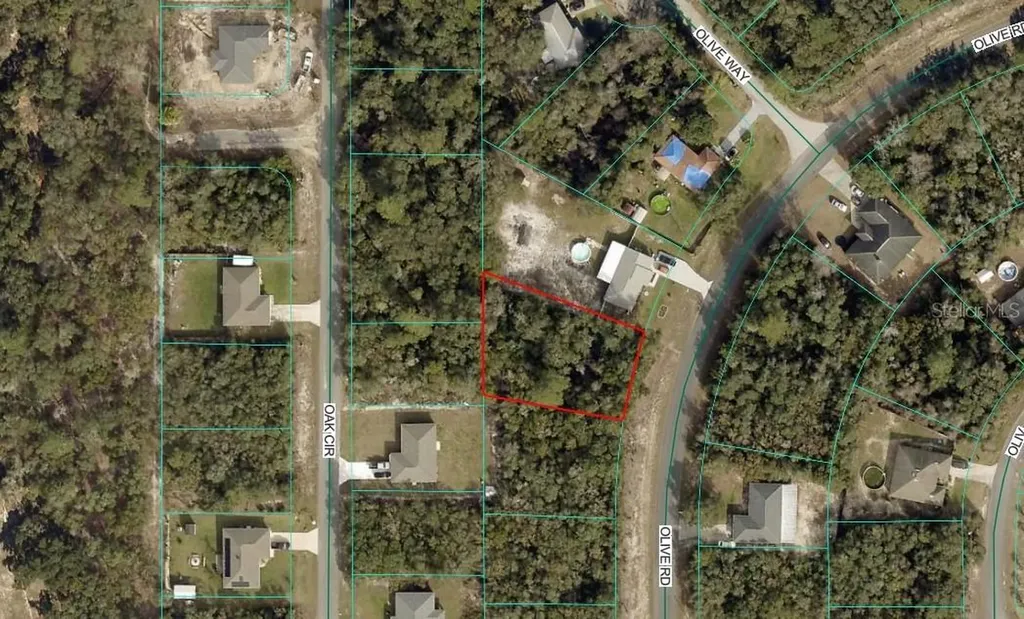 Olive Road Ocala FL 34472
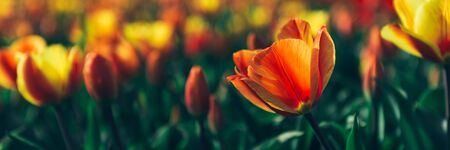 Close up of fields of blossoming yellow and red tulips during spring, Netherlandsの写真素材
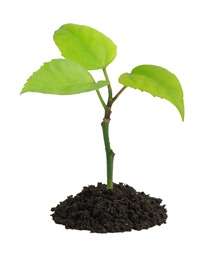 هزینه غیرقابل مقایسه ازبین رفتن نسل یک گیاه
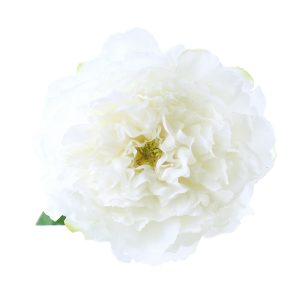 flor paula 16 cm crudo
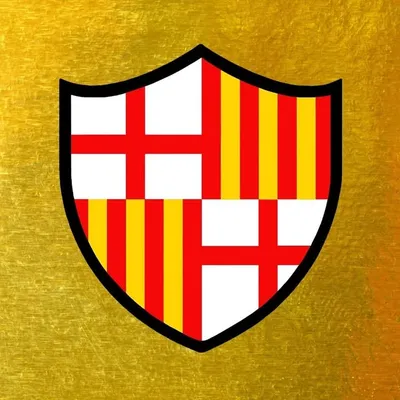 Historia de Barcelona S.C. profile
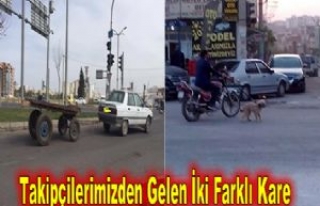 Takipçilerimizden Gelen İlginç Kareler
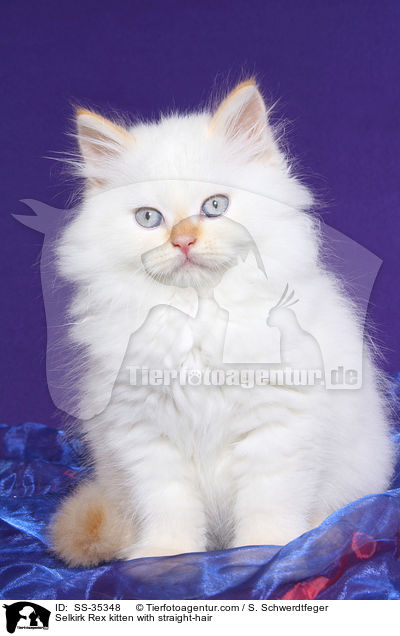 Selkirk Rex kitten with straight-hair / SS-35348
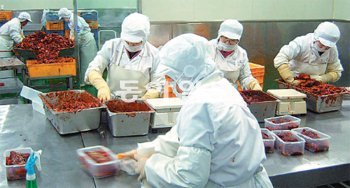 충북 증평군에 있는 청보F&B 1공장에서 직원들이 양념게장을 만들고 있다. 청보F&B 제공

★ ★ ★ ★

Problem statement — Give back exactly the lines from the one containing "Takipçilerimizden Gelen İlginç Kareler" through the last line above, both included, and none of the pictures.

Expected output —
 Takipçilerimizden Gelen İlginç Kareler
 Selkirk Rex kitten with straight-hair / SS-35348
 충북 증평군에 있는 청보F&B 1공장에서 직원들이 양념게장을 만들고 있다. 청보F&B 제공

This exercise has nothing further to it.